Files
antigravity-skills-reference/skills/loki-mode/references/tool-orchestration.md

22 KiB

Tool Orchestration Patterns Reference

Research-backed patterns inspired by NVIDIA ToolOrchestra, OpenAI Agents SDK, and multi-agent coordination research.


Overview

Effective tool orchestration requires four key innovations:

  1. Tracing Spans - Hierarchical event tracking (OpenAI SDK pattern)
  2. Efficiency Metrics - Track computational cost per task
  3. Reward Signals - Outcome, efficiency, and preference rewards for learning
  4. Dynamic Selection - Adapt agent count and types based on task complexity

Tracing Spans Architecture (OpenAI SDK Pattern)

Span Types

Every operation is wrapped in a typed span for observability:

span_types:
  agent_span:     # Wraps entire agent execution
  generation_span: # Wraps LLM API calls
  function_span:  # Wraps tool/function calls
  guardrail_span: # Wraps validation checks
  handoff_span:   # Wraps agent-to-agent transfers
  custom_span:    # User-defined operations

Hierarchical Trace Structure

{
  "trace_id": "trace_abc123def456",
  "workflow_name": "implement_feature",
  "group_id": "session_xyz789",
  "spans": [
    {
      "span_id": "span_001",
      "parent_id": null,
      "type": "agent_span",
      "agent_name": "orchestrator",
      "started_at": "2026-01-07T10:00:00Z",
      "ended_at": "2026-01-07T10:05:00Z",
      "children": ["span_002", "span_003"]
    },
    {
      "span_id": "span_002",
      "parent_id": "span_001",
      "type": "guardrail_span",
      "guardrail_name": "input_validation",
      "triggered": false,
      "blocking": true
    },
    {
      "span_id": "span_003",
      "parent_id": "span_001",
      "type": "handoff_span",
      "from_agent": "orchestrator",
      "to_agent": "backend-dev"
    }
  ]
}

Storage Location

.loki/traces/
├── active/
│   └── {trace_id}.json     # Currently running traces
└── completed/
    └── {date}/
        └── {trace_id}.json # Archived traces

See references/openai-patterns.md for full tracing implementation.


Efficiency Metrics System

Why Track Efficiency?

ToolOrchestra achieves 70% cost reduction vs GPT-5 by explicitly optimizing for efficiency. Loki Mode should track:

  • Token usage per task (input + output)
  • Wall clock time per task
  • Agent spawns per task
  • Retry count before success

Efficiency Tracking Schema

{
  "task_id": "task-2026-01-06-001",
  "correlation_id": "session-abc123",
  "started_at": "2026-01-06T10:00:00Z",
  "completed_at": "2026-01-06T10:05:32Z",
  "metrics": {
    "wall_time_seconds": 332,
    "agents_spawned": 3,
    "total_agent_calls": 7,
    "retry_count": 1,
    "retry_reasons": ["test_failure"],
    "recovery_rate": 1.0,
    "model_usage": {
      "haiku": {"calls": 4, "est_tokens": 12000},
      "sonnet": {"calls": 2, "est_tokens": 8000},
      "opus": {"calls": 1, "est_tokens": 6000}
    }
  },
  "outcome": "success",
  "outcome_reason": "tests_passed_after_fix",
  "efficiency_score": 0.85,
  "efficiency_factors": ["used_haiku_for_tests", "parallel_review"],
  "quality_pillars": {
    "tool_selection_correct": true,
    "tool_reliability_rate": 0.95,
    "memory_retrieval_relevant": true,
    "goal_adherence": 1.0
  }
}

Why capture these metrics? (Based on multi-agent research)
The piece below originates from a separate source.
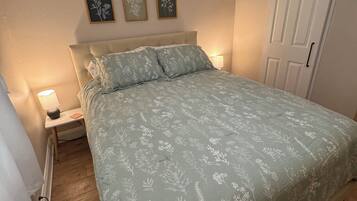 2 chambres, fer et planche à repasser, Wi-Fi, draps fournis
  1. Capture intent, not just actions (Hashrocket)

    • "UX debt turns into data debt" - recording actions without intent creates useless analytics
  2. Track recovery rate (Assessment Framework, arXiv 2512.12791)

    • recovery_rate = successful_retries / total_retries
    • Paper found "perfect tool sequencing but only 33% policy adherence" - surface metrics mask failures
  3. Distributed tracing (Maxim AI)

    • correlation_id: Links all tasks in a session for end-to-end tracing
    • Essential for debugging multi-agent coordination failures
  4. Tool reliability separate from selection (Stanford/Harvard)

    • tool_selection_correct: Did we pick the right tool?
    • tool_reliability_rate: Did the tool work as expected? (tools can fail even when correctly selected)
    • Key insight: "Tool use reliability" is a primary demo-to-deployment gap
  5. Quality pillars beyond outcomes (Assessment Framework)

    • memory_retrieval_relevant: Did episodic/semantic retrieval help?
    • goal_adherence: Did we stay on task? (0.0-1.0 score)

Efficiency Score Calculation

def calculate_efficiency_score(metrics, task_complexity):
    """
    Score from 0-1 where higher is more efficient.
    Based on ToolOrchestra's efficiency reward signal.
    """
    # Baseline expectations by complexity
    baselines = {
        "trivial": {"time": 60, "agents": 1, "retries": 0},
        "simple": {"time": 180, "agents": 2, "retries": 0},
        "moderate": {"time": 600, "agents": 4, "retries": 1},
        "complex": {"time": 1800, "agents": 8, "retries": 2},
        "critical": {"time": 3600, "agents": 12, "retries": 3}
    }

    baseline = baselines[task_complexity]

    # Calculate component scores (1.0 = at baseline, >1 = better, <1 = worse)
    time_score = min(1.0, baseline["time"] / max(metrics["wall_time_seconds"], 1))
    agent_score = min(1.0, baseline["agents"] / max(metrics["agents_spawned"], 1))
    retry_score = 1.0 - (metrics["retry_count"] / (baseline["retries"] + 3))

    # Weighted average (time matters most)
    return (time_score * 0.5) + (agent_score * 0.3) + (retry_score * 0.2)

Standard Reason Codes

Use consistent codes to enable pattern analysis:

outcome_reasons:
  success:
    - tests_passed_first_try
    - tests_passed_after_fix
    - review_approved
    - spec_validated
  partial:
    - tests_partial_pass
    - review_concerns_minor
    - timeout_partial_work
  failure:
    - tests_failed
    - review_blocked
    - dependency_missing
    - timeout_no_progress
    - error_unrecoverable

retry_reasons:
  - test_failure
  - lint_error
  - type_error
  - review_rejection
  - rate_limit
  - timeout
  - dependency_conflict

efficiency_factors:
  positive:
    - used_haiku_for_simple
    - parallel_execution
    - cached_result
    - first_try_success
    - spec_driven
  negative:
    - used_opus_for_simple
    - sequential_when_parallel_possible
    - multiple_retries
    - missing_context
    - unclear_requirements

Storage Location

.loki/metrics/
├── efficiency/
│   ├── 2026-01-06.json      # Daily efficiency logs
│   └── aggregate.json        # Running averages by task type
└── rewards/
    ├── outcomes.json         # Task success/failure records
    └── preferences.json      # User preference signals

Reward Signal Framework

Three Reward Types (ToolOrchestra Pattern)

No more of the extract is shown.